# Instructions for the task
Should the entries contain pictures, leave them out and return exactly the lines from the first through the line holding "Labret, com 02".

# Records supplied
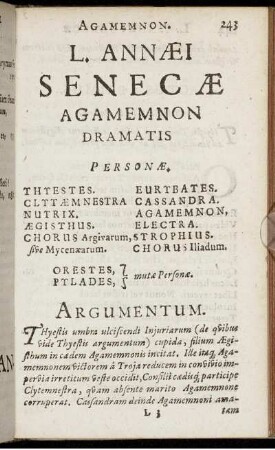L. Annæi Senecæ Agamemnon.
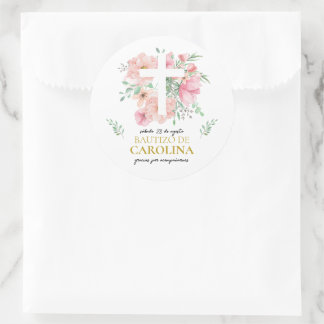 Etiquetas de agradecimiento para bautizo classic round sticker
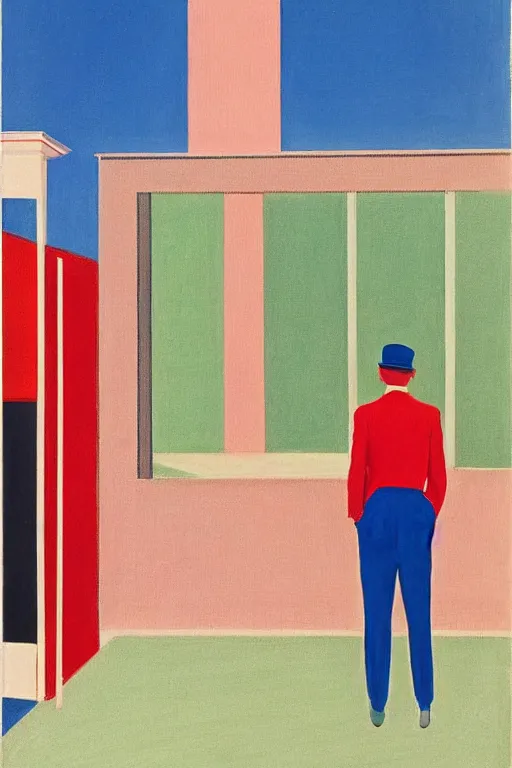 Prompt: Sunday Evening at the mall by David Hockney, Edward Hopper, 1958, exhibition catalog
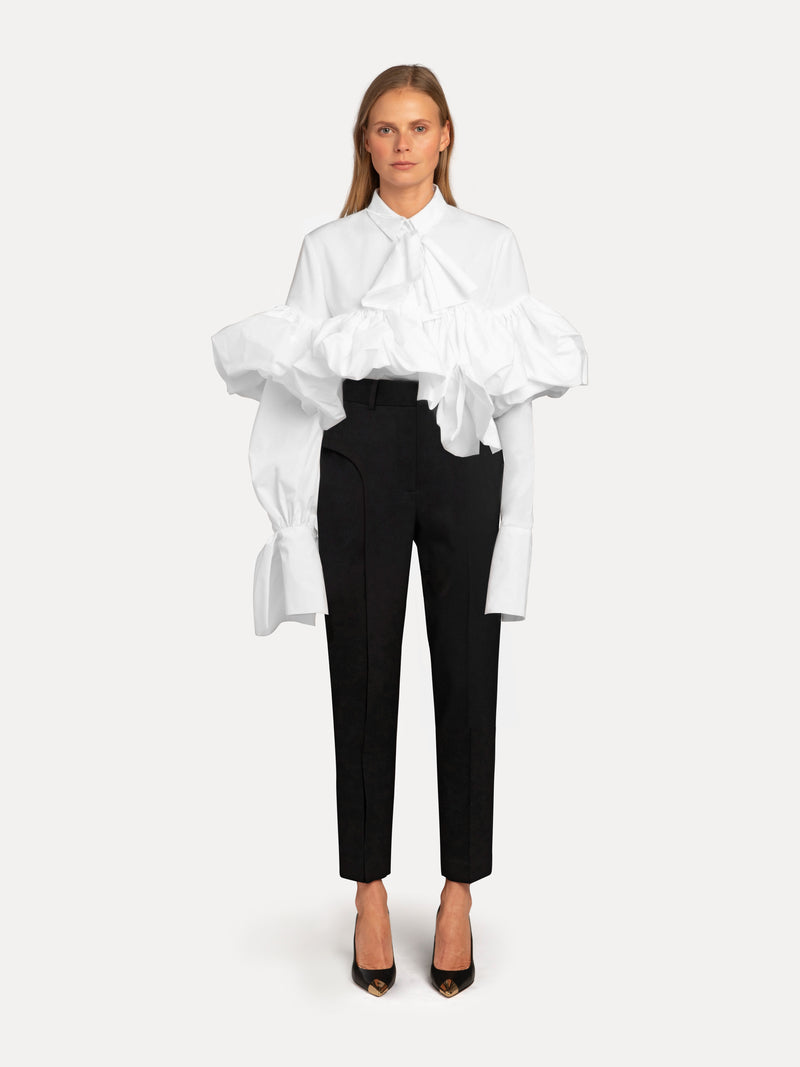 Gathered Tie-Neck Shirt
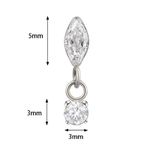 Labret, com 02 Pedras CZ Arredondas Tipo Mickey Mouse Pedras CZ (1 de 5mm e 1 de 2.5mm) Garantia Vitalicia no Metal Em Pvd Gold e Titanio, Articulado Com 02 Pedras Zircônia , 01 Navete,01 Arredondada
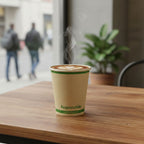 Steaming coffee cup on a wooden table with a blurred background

# Response below
L. Annæi Senecæ Agamemnon.
 Etiquetas de agradecimiento para bautizo classic round sticker
 Prompt: Sunday Evening at the mall by David Hockney, Edward Hopper, 1958, exhibition catalog
 Gathered Tie-Neck Shirt
 Labret, com 02 Pedras CZ Arredondas Tipo Mickey Mouse Pedras CZ (1 de 5mm e 1 de 2.5mm) Garantia Vitalicia no Metal Em Pvd Gold e Titanio, Articulado Com 02 Pedras Zircônia , 01 Navete,01 Arredondada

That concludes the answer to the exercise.